Stored data
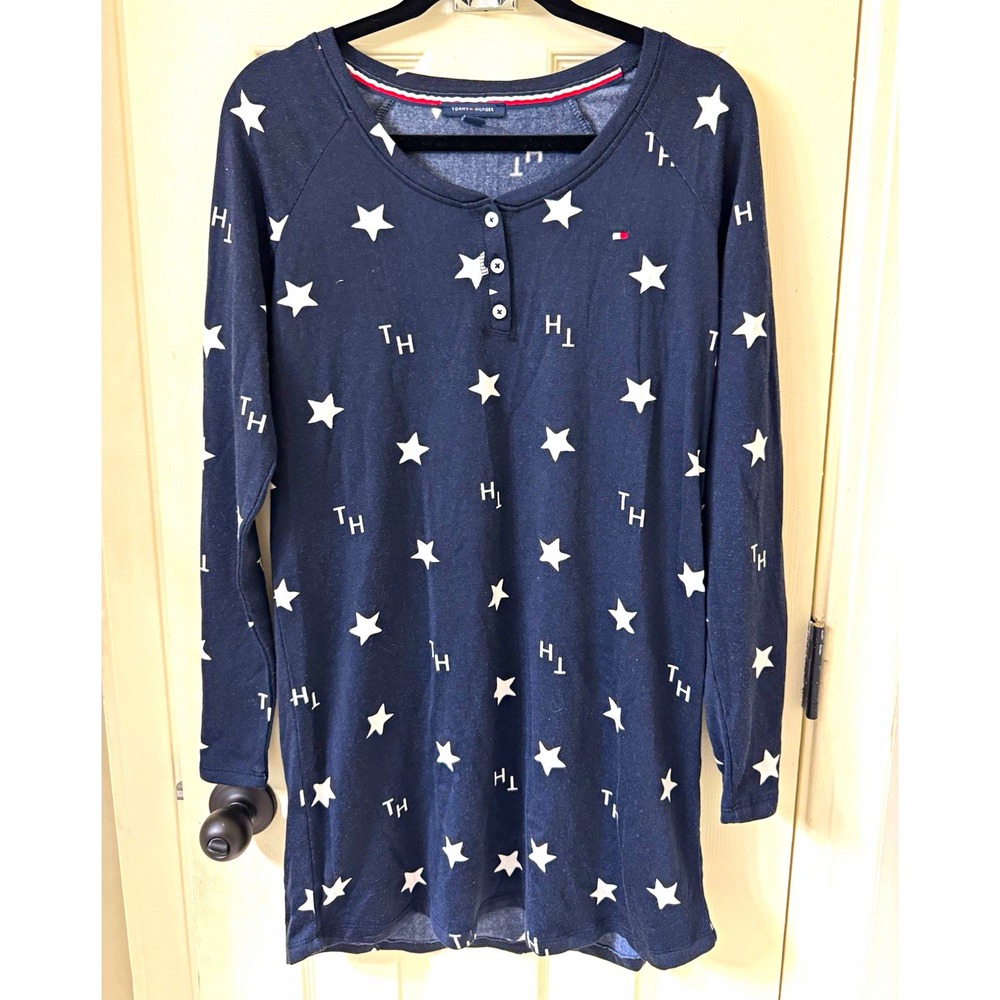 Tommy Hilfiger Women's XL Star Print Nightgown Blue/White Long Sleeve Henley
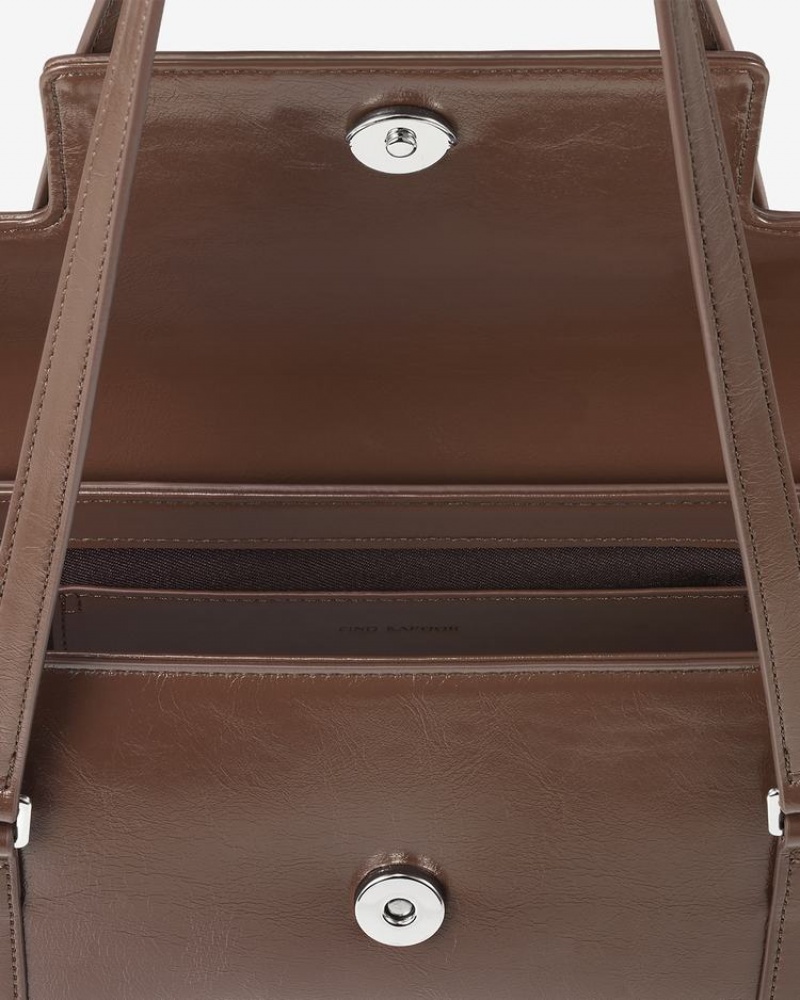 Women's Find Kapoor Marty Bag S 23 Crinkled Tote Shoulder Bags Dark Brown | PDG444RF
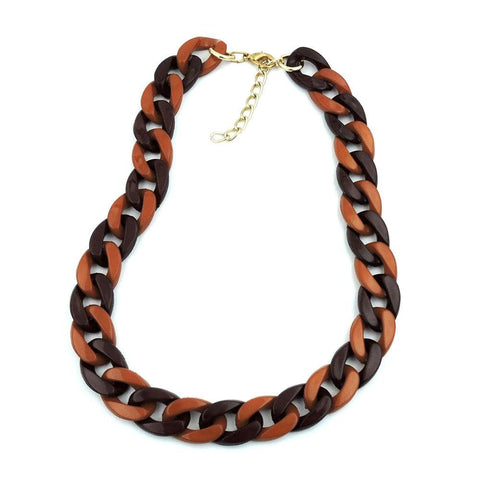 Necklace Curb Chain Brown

How to complete this task
Once the pictures are dropped, repeat the data above exactly.

Result below
 Tommy Hilfiger Women's XL Star Print Nightgown Blue/White Long Sleeve Henley
 Women's Find Kapoor Marty Bag S 23 Crinkled Tote Shoulder Bags Dark Brown | PDG444RF
 Necklace Curb Chain Brown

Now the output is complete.